Contracted Party: Serveng.
|Purpose of the Agreement and Due Amendments||Agreement for Project with Estimated Price (“Agreement”)
Construction works to double BR-376 highway (Rodovia do Café), North and South lanes, including the construction of a new lane in section 21 and section 22, in the State of Paraná, as described below:
– Section 21 – BR376 – km 286.6 to 296 – Road;
– Section 21 – BR376 – km 291.1 – OAE I-25;
– Section 21 – BR376 – km 295.1 – OAE Viaduto Mauá.
– Section 22 – BR376 – km 269.6 to 286.6 – Road; and
– Section 22 – BR376 – km 281.15 – OAE I-22;
Main Changes: Including exhibits (technical and legal expert opinions supporting the mediation process to sign the 1st Amendment), reduction of the scope and reduction of the contractual price
|Price of the Agreement||Original Agreement:
– One hundred forty-nine million, six hundred ninety-six thousand, nine hundred eight Brazilian Reais and fifty-six cents (R$149,696,908.56), without the supply of asphalt materials.
– Reduction of the estimated price, totaling fourteen million, four hundred and fifteen thousand, eight hundred and fifty-three Brazilian Reais and sixty-six cents (R$14,415,853.66).
Estimated Price of the Agreement:
After the 1st Amendment was signed, the estimated price of the Agreement became one hundred and thirty-five million, two hundred and eighty-one thousand, fifty-four Brazilian Reais and ninety cents (R$135,281,054.90).
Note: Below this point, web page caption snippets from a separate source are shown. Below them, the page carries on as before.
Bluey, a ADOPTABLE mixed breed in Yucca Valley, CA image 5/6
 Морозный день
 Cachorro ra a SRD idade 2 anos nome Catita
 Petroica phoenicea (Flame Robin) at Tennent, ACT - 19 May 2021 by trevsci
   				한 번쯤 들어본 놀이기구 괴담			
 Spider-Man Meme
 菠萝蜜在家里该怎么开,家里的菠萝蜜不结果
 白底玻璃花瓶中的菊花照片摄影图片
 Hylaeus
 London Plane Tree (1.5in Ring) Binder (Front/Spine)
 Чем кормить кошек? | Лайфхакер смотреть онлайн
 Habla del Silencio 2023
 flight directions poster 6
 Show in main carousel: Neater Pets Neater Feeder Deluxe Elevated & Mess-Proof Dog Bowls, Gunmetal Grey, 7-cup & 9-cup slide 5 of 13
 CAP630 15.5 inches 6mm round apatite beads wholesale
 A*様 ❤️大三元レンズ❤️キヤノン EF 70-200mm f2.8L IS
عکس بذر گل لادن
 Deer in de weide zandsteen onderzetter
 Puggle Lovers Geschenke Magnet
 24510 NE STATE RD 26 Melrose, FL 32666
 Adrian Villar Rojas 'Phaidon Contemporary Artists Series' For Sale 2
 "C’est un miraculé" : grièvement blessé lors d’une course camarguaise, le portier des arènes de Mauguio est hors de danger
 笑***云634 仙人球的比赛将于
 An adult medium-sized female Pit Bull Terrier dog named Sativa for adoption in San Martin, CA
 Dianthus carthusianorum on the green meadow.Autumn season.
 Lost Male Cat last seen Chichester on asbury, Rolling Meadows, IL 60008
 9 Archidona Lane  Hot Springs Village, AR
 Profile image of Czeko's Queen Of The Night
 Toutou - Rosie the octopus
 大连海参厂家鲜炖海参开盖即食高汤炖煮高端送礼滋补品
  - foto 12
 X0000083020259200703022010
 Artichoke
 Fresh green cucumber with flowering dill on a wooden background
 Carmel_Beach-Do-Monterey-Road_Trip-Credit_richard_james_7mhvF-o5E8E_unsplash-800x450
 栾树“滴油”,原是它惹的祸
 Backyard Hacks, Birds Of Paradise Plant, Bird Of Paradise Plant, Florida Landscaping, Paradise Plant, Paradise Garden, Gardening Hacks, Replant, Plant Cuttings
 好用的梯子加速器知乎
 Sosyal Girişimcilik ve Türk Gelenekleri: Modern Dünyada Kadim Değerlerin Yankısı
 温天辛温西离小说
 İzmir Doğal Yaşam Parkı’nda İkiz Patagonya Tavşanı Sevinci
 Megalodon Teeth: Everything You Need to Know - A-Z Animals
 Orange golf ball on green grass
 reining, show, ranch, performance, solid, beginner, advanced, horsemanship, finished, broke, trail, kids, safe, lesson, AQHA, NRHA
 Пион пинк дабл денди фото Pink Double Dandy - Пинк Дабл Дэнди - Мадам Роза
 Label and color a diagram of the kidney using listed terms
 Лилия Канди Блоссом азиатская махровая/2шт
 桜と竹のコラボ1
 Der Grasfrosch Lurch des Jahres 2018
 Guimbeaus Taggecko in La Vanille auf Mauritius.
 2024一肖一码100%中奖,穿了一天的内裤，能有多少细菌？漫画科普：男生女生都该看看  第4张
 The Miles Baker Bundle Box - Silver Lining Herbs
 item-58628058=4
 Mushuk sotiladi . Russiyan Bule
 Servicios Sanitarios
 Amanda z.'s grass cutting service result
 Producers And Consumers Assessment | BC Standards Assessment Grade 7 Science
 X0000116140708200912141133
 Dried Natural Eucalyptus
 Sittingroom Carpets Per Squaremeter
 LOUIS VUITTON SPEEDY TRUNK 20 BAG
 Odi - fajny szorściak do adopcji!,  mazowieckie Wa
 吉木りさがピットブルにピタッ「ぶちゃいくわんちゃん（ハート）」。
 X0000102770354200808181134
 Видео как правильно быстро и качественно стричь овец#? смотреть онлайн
|Reasons why the Company’s Management considers that the transaction complied with the commutative provisions or provides for the adequate compensatory payment||The Company’s Management considers that the transaction hereby announced complied with the commutative provisions due to the following reasons: (i) compliance with the rules set forth in the Company’s Policy on Transaction with Related Parties, as available on the Company’s and CVM’s (Brazilian Securities and Exchange Commission) website; (ii) compliance of the conditions of the Agreement and due amendments with market practices, as well as carried out through a bidding governed by the Back-to-Back principle, with compensation of service items by unit per the contractual table of RodoNorte with the Granting Authority, and the contracted party was and will be paid for the same reason as RodoNorte, both for services directly linked to the construction works, as well as other administrative and indirect expenses; and (iii) compliance of the Agreement and 1st Amendment with the conditions agreed between the parties, including (a) general clauses similar to any agreement of the same nature and (b) specific clauses regarding the economic conditions of the agreement, in accordance with the winning proposal and the specific conditions to implement the scope of the agreement. In addition, improving its governance on transactions with related parties, due to the request for an economic and financial contractual rebalancing by the contracted party to the contracting party, the parties agreed to carry out a mediation process, which was held by impartial legal and technical experts on the subject, whose expert opinions were included as exhibits to the 1st Amendment and support the agreement with the 1st Amendment.|
|Information on the possible participation of the counterparty, its shareholders or management in the decision-making process of the Company on the transaction or on the negotiation of the transaction, as representatives of the Company, describing this participation||The members of CCR’s Board of Directors unanimously approved, through the votes of attending members, considering the abstentions of Mrs. Ana Maria Marcondes Penido Sant’Anna and Mr. Luis Claudio Rapparini Soares, appointed by the company SP Concessões, and Mr. Henrique Sutton de Sousa Neves, appointed by the company SP Obras, signing the 1st Amendment to the Agreement.
The members of RodoNorte’s Board of Directors unanimously approved, through the votes of attending members, signing the 1st Amendment to the Agreement.